O Sr. de Saint-Méran e Noirtier nunca tinham estado ligados por uma amizade muito profunda, no entanto, sabe-se o efeito que produz sempre num velho o anúncio da morte doutro velho.
Noirtier deixou cair a cabeça para o peito, como um homem acabrunhado ou como um homem que pensa, e depois fechou um só olho.
- Mademoiselle Valentine? - perguntou Barrois.
Noirtier fez sinal que sim.
- Está no baile, como o senhor muito bem sabe, pois veio cá despedir-se em traje de cerimónia.
Noirtier voltou a fechar o olho esquerdo.
- Sim, quer vê-la? - O velho fez sinal de que era isso que desejava.
- Decerto vão mandar buscá-la a casa da Sr.ª de Morcerf
Esperá-la-ei no seu regresso e pedir-lhe-ei que suba ao quarto do senhor.
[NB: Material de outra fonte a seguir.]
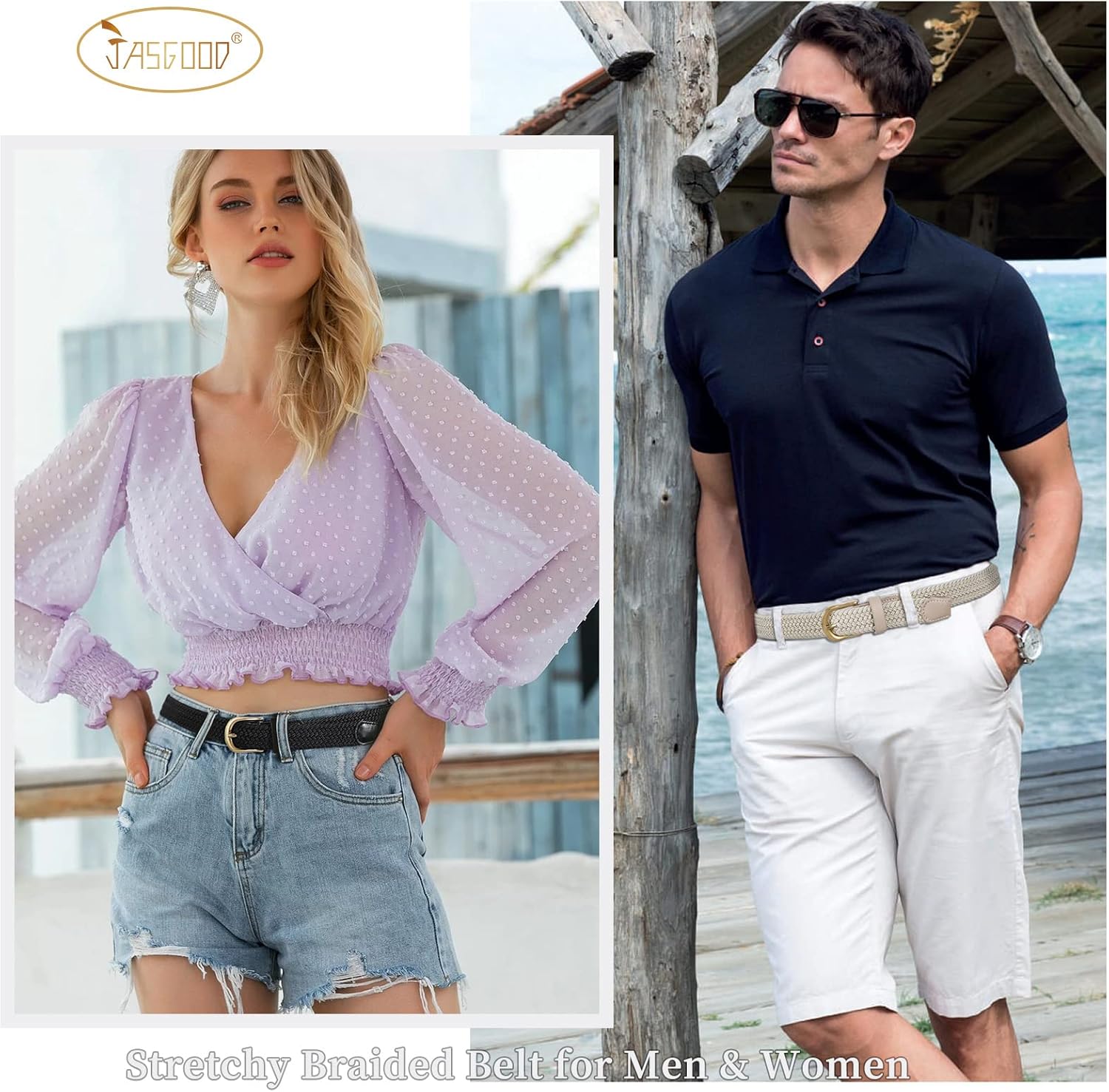 JASGOOD 2 Pack Braided Belts for Women, 1'' Narrow Width Elastic Woven Stretch Fabric Cloth Belts with Gold Buckle - Image 7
É isto?
- É - respondeu o paralítico.
Barrois esperou portanto o regresso de Valentine e, como vimos, expôs-lhe o desejo do avô.
Em consequência desse desejo, Valentine subiu ao quarto de Noirtier quando saiu do da Sr.ª de Saint-Méran, a qual, apesar de muito agitada, acabara por sucumbir à fadiga e dormia um sono febril.
Tinham-lhe posto ao alcance da mão uma mesinha com uma garrafa de laranjada, sua bebida habitual, e um copo.
Como dissemos, a jovem deixou a marquesa para subir ao quarto de Noirtier.
Valentine beijou o velho, que a olhou tão ternamente que a jovem sentiu brotarem-lhe de novo dos olhos lágrimas cuja fonte julgava esgotada.
O velho insistia com o olhar.
- Sim, sim, queres dizer que continuo a ter um avô, não é? - traduziu Valentine.
O velho fez sinal de que efectivamente era isso que o seu olhar queria dizer.
- De contrário, que seria de mim, meu Deus?
Era uma hora da madrugada. Barrois, que também tinha vontade de se deitar. Observou que depois de uma noite tão dolorosa toda a gente precisava de repouso. O velho não quis dizer que para si o repouso era ver a neta e mandou embora Valentine, a quem efectivamente a dor e a fadiga davam um ar abatido.
No dia seguinte, quando entrou no quarto da avó, Valentine encontrou-a na cama. A febre não descera; pelo contrário, um fogo sombrio brilhava nos olhos da velha marquesa, que parecia dominada por violenta irritação nervosa.
- Oh, meu Deus, está pior avozinha?! - exclamou Valentine ao ver todos aqueles sintomas de agitação.
- Não, minha filha, não - respondeu a Sr.ª de Saint-Méran. - Mas esperava com impaciência que chegasses para mandar chamar o teu pai
- O meu pai? - perguntou Valentine, inquieta.
- Sim, quero falar com ele.
Valentine não ousou opor-se ao desejo da avó, cuja finalidade ignorava, aliás, e pouco depois Villefort entrou.